EXERCISE PROMPT: Go to the line in the entries below that holds "Lululemon belt bag" and repeat exactly from there through the line that holds "BIGtruck Noah's Cabinteriors (2)", inclusive.

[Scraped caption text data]
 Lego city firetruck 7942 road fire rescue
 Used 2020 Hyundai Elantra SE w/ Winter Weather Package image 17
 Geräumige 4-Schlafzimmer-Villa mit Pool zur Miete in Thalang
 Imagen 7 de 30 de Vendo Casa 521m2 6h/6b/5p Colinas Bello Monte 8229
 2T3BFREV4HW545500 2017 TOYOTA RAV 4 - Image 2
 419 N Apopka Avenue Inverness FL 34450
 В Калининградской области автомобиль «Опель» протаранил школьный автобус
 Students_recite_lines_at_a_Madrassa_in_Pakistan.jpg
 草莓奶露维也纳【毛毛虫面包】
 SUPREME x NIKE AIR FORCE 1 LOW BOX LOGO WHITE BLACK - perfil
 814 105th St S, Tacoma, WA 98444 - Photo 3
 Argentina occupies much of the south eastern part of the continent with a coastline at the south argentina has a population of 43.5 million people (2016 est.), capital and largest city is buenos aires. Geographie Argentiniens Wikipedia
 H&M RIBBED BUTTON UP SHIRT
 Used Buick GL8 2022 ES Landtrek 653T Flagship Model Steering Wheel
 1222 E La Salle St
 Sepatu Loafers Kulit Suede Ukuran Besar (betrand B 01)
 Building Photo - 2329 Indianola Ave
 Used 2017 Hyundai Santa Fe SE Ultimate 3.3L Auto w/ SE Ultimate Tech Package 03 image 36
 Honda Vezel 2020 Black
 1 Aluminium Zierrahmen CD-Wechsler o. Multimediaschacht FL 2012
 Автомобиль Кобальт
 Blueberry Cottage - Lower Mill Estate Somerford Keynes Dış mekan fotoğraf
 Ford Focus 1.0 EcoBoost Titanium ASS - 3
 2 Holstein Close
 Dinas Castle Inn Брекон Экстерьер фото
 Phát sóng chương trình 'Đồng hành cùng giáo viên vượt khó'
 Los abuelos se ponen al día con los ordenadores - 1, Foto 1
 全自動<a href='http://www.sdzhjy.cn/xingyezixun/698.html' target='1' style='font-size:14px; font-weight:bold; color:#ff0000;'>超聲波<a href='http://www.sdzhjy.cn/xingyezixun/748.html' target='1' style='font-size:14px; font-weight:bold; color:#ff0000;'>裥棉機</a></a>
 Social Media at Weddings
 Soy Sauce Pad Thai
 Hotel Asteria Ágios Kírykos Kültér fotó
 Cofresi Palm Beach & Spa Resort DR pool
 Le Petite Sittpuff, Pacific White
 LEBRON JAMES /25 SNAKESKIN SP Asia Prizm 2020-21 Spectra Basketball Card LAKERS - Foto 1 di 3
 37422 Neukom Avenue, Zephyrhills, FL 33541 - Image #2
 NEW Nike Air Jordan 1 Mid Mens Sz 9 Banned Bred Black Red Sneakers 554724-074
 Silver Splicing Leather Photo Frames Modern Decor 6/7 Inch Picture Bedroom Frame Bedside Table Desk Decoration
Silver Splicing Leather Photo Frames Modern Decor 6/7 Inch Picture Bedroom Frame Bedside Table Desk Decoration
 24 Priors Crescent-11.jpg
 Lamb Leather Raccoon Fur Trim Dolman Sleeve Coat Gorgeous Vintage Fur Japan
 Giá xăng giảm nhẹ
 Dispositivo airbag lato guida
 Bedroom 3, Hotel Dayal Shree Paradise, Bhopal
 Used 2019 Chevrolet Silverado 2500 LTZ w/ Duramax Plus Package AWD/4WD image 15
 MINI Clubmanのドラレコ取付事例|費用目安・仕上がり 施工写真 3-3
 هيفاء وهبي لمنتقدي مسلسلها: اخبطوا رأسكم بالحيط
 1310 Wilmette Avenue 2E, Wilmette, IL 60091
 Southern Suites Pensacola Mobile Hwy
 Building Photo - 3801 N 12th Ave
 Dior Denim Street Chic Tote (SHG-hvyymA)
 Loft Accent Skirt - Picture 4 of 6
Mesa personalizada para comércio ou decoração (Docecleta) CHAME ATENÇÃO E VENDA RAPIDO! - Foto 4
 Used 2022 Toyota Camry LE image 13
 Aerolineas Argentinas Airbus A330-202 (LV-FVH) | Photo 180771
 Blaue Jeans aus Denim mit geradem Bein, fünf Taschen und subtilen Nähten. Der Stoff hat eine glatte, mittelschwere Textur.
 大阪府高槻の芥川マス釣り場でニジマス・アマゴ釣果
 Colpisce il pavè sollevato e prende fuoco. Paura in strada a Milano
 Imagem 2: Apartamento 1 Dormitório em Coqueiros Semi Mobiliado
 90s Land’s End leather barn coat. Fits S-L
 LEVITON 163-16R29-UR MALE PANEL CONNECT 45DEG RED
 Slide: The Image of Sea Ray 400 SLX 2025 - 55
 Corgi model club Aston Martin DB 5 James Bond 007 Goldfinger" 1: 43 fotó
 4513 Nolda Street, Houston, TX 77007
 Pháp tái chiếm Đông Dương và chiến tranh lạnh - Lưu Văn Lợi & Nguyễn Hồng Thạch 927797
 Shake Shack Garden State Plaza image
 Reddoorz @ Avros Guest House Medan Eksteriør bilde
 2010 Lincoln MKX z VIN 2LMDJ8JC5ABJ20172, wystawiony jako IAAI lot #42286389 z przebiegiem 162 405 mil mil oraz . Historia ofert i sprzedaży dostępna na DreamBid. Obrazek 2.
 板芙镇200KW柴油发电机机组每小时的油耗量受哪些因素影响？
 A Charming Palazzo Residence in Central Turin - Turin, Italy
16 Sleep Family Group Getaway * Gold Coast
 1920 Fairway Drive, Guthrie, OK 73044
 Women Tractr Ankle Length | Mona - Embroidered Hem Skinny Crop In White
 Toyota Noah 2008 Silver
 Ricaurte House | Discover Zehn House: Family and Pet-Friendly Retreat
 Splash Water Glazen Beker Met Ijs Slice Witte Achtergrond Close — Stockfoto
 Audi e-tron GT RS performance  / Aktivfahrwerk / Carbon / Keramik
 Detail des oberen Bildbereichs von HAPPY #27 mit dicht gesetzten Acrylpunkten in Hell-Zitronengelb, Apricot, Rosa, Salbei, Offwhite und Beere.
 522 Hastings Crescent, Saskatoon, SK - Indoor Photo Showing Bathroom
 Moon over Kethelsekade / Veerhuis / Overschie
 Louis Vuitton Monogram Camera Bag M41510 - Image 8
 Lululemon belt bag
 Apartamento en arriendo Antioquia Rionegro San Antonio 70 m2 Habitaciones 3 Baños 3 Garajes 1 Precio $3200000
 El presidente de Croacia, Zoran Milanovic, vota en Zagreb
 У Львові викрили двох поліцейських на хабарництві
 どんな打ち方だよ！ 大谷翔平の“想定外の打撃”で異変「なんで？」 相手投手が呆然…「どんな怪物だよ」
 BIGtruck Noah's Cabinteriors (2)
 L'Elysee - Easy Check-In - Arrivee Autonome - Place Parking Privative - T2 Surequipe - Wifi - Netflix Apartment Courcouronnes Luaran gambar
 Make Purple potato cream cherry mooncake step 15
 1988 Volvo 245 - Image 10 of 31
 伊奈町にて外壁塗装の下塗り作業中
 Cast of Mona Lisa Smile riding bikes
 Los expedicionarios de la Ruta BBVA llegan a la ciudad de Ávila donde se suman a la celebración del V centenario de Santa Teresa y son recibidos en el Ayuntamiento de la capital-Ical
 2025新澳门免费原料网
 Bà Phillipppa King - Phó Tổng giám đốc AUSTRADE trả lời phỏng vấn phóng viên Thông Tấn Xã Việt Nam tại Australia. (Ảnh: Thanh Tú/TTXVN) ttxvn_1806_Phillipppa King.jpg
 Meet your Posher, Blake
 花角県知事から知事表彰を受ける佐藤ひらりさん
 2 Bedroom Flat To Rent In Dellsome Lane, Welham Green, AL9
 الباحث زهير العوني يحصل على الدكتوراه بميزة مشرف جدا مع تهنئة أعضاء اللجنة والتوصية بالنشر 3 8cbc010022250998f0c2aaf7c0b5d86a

TASK OUTPUT:
 Lululemon belt bag
 Apartamento en arriendo Antioquia Rionegro San Antonio 70 m2 Habitaciones 3 Baños 3 Garajes 1 Precio $3200000
 El presidente de Croacia, Zoran Milanovic, vota en Zagreb
 У Львові викрили двох поліцейських на хабарництві
 どんな打ち方だよ！ 大谷翔平の“想定外の打撃”で異変「なんで？」 相手投手が呆然…「どんな怪物だよ」
 BIGtruck Noah's Cabinteriors (2)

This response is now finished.